On the other hand, the modern apparatus of the fractal science uses its own methods for describing dynamic processes. These methods do not involve studying variations of the composition and structure of dispersed particles; they are considered as small geometric objects of preset size and unchanged composition in an n-dimensional space.
Indeed, from the standpoint of systems analysis, an oil system is complex, because it consists of a large number of interconnected elements interacting with each other, often under nonequilibrium conditions. The basic property of complex self-organizing PDS is continuous multilevel assembling and rearrangement of complex asphaltene nanoaggregates (CSUs) under the action of both technogenic and natural factors, including the oil ripening conditions. Fractal geometry is actively used for considering the growth of asphaltene nanoparticles, which can be simulated using the Monte Carlo method [14, 15, 19].

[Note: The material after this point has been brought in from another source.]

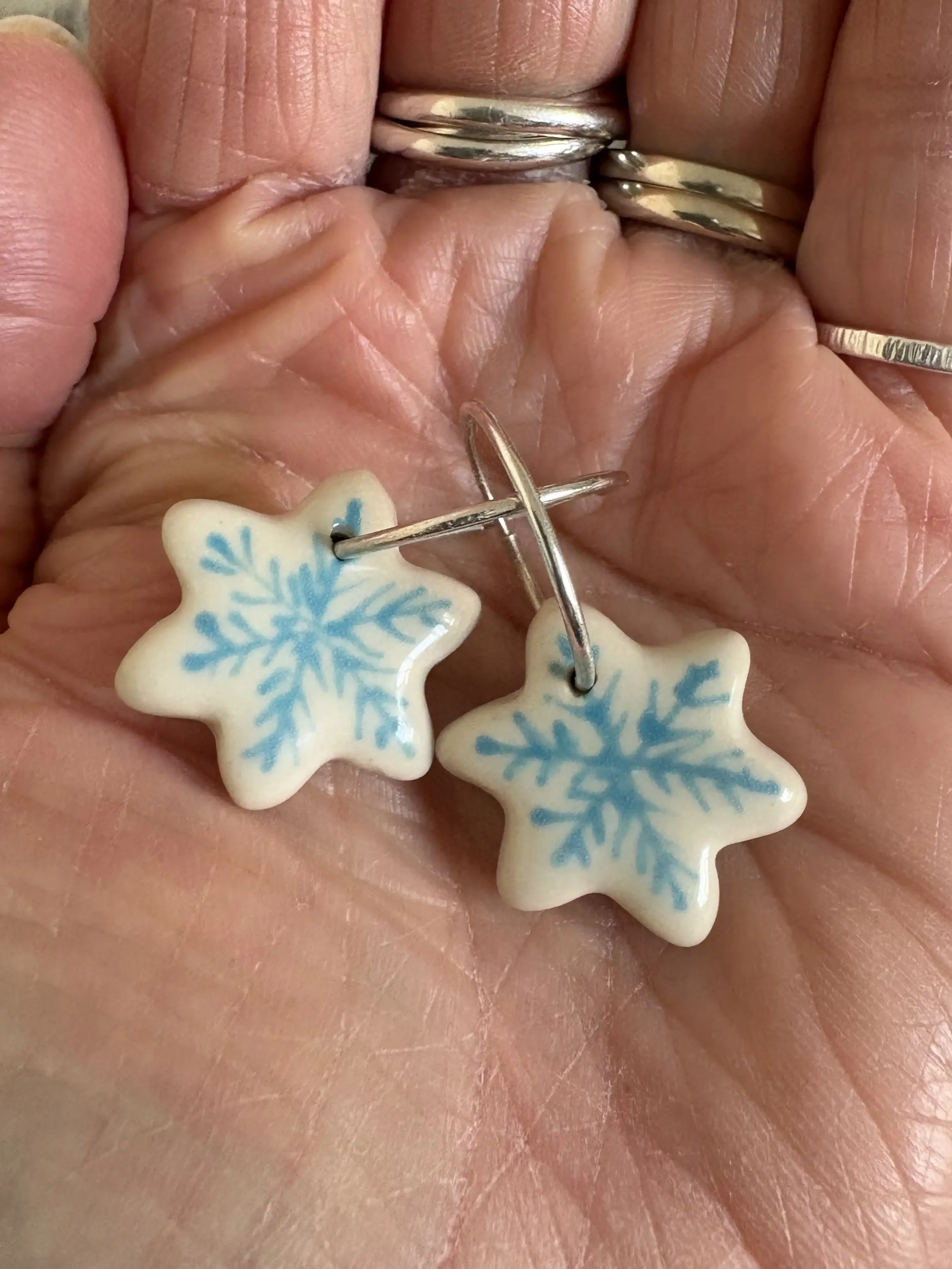 A hand holding a pair of cream-colored earrings shaped like stars with blue snowflake designs, attached to silver hoops.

According to the results of computer simulation, fractal systems, being apparently chaotic and disordered, actually have internal order. The fractal dimension of a nanoaggregate is fractional, in contrast to the traditional integer dimension of dispersed particles, and reflects the degree of filling of the topological space. The lower is the fractal dimension, the softer (looser) is the nanodispersion, the more probable is rearrangement of its internal structure and structural elements themselves, and the weaker is the external action that can cause structural changes. The pulsed NMR relaxation method is the most informative for this purpose [22]. Using this method, Zlobin [19] made for the first time a nontrivial conclusion that the fractal dimension of the structure of asphaltene aggregates is an integral genetic criterion for differentiation of natural crude oils. This is a ripening indicator of a sort: The fractal dimension correlates with the oil stratification age and monotonically increases downwards along the section (groups 1–3 in Table 3). Comparison of the data obtained shows that the fractal parameters of crude oils with thermobaric ripening conditions in various stages of the Carboniferous (tens of Ma and more!) differ relatively insignificantly, but the fractal parameters of crude oils from Carboniferous deposits differ significantly (by 30%) from those of the lower occurring Devonian crudes. That is an example of the formulation of a hypothesis concerning the previously unknown mechanism of crude oil evolution as a particular case of self-organizing systems. It has been demonstrated by the example of a representative sample of crude oils that a nonlinear decrease in the fractal dimension with an increase in the radius of complex structural units characterizes the rearrangement of these units and influences the macroscopic properties of crude oils (Table 4).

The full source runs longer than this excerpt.